= Task details =
Each record that comes next should be output exactly; pictures do not belong in the copy.

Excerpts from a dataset
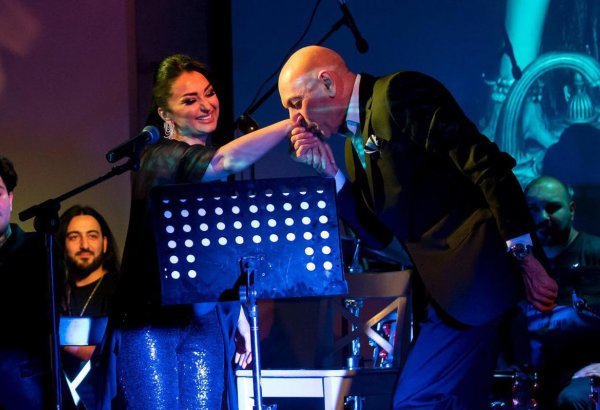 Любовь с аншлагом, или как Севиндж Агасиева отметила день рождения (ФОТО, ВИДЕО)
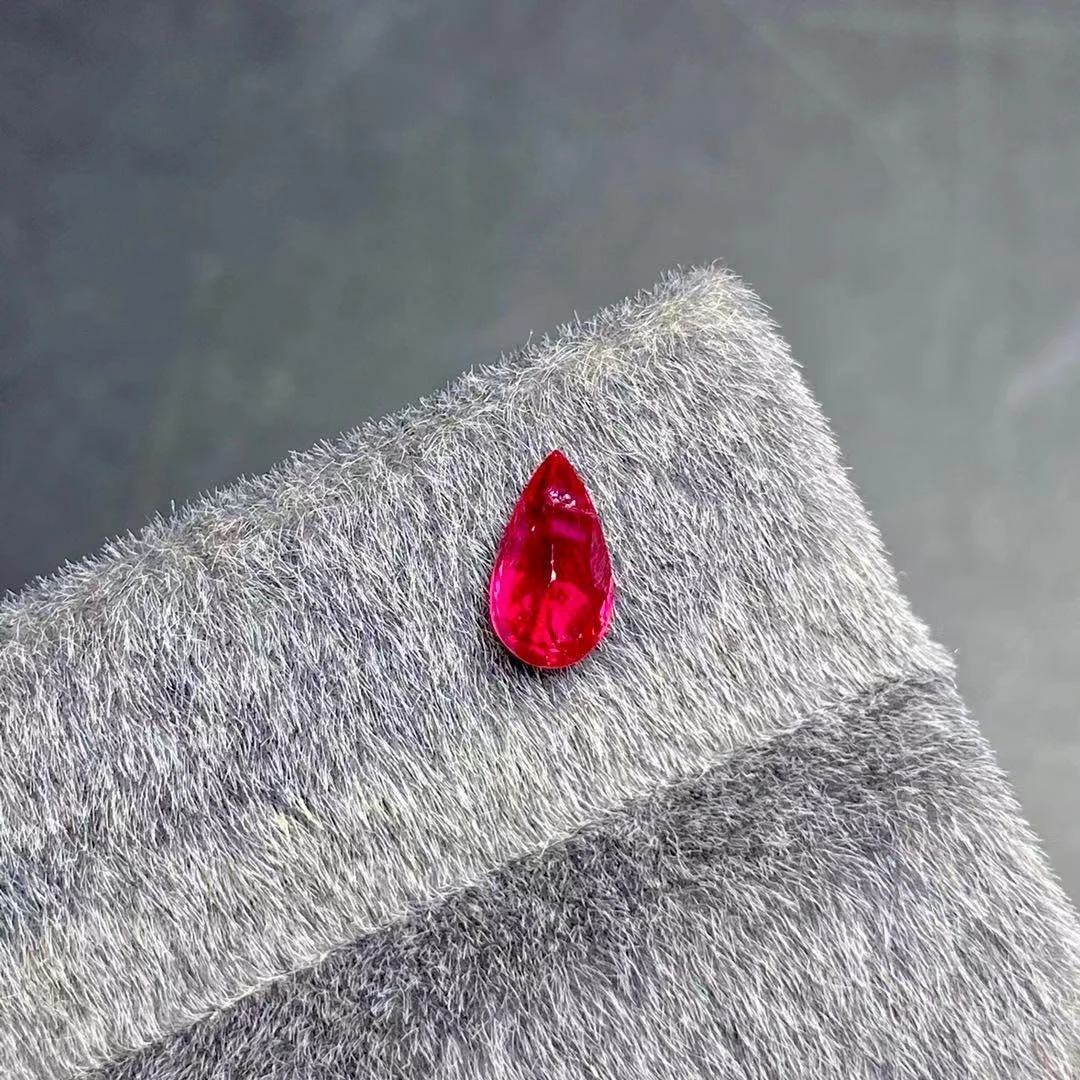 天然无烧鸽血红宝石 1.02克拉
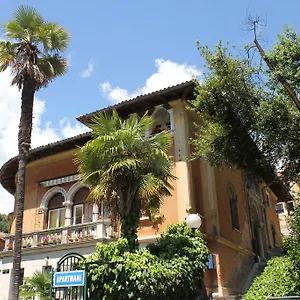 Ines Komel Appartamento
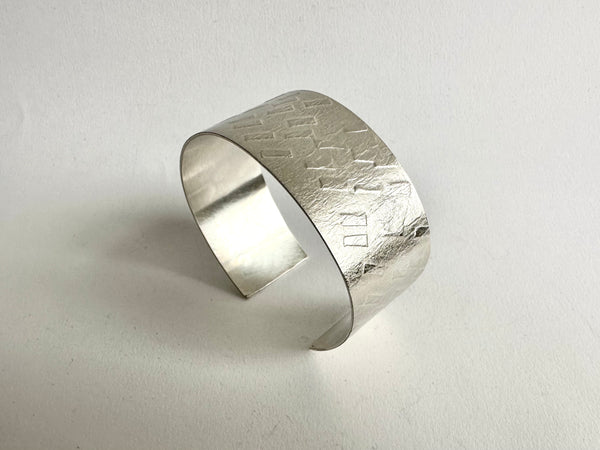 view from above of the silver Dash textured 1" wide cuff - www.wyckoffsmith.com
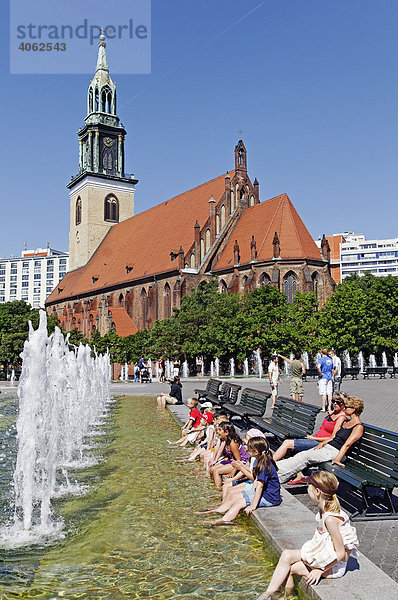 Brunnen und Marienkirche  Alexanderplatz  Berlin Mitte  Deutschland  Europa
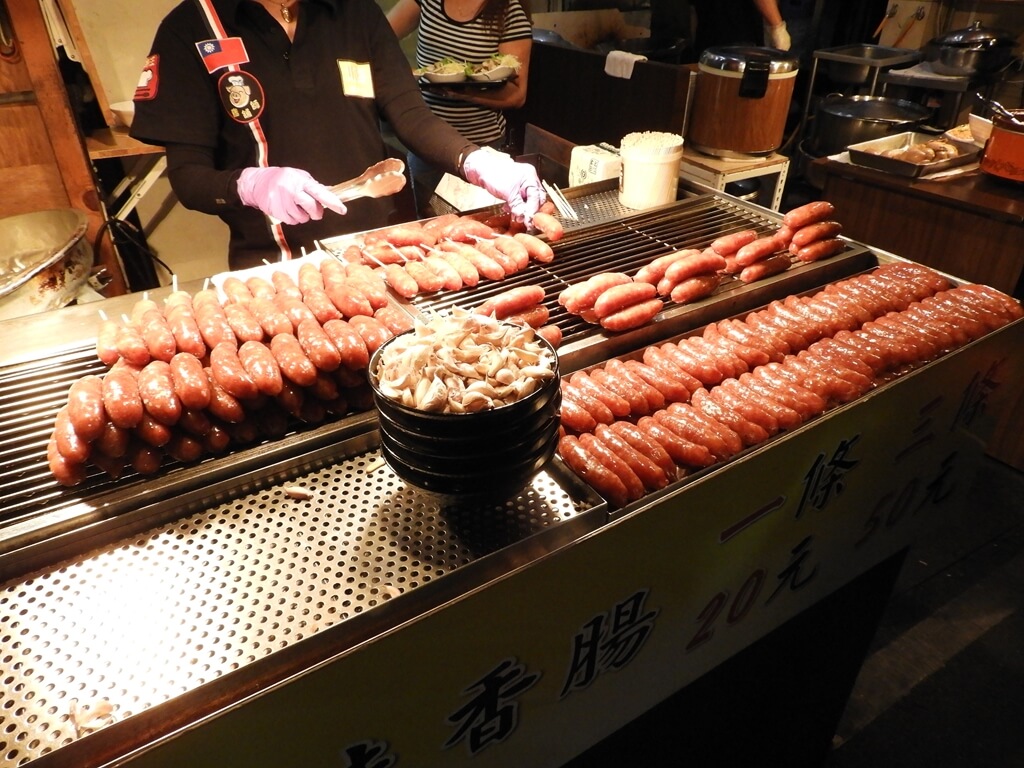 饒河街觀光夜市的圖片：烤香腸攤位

= Solution to the problem =
 Любовь с аншлагом, или как Севиндж Агасиева отметила день рождения (ФОТО, ВИДЕО)
 天然无烧鸽血红宝石 1.02克拉
 Ines Komel Appartamento
 view from above of the silver Dash textured 1" wide cuff - www.wyckoffsmith.com
 Brunnen und Marienkirche  Alexanderplatz  Berlin Mitte  Deutschland  Europa
 饒河街觀光夜市的圖片：烤香腸攤位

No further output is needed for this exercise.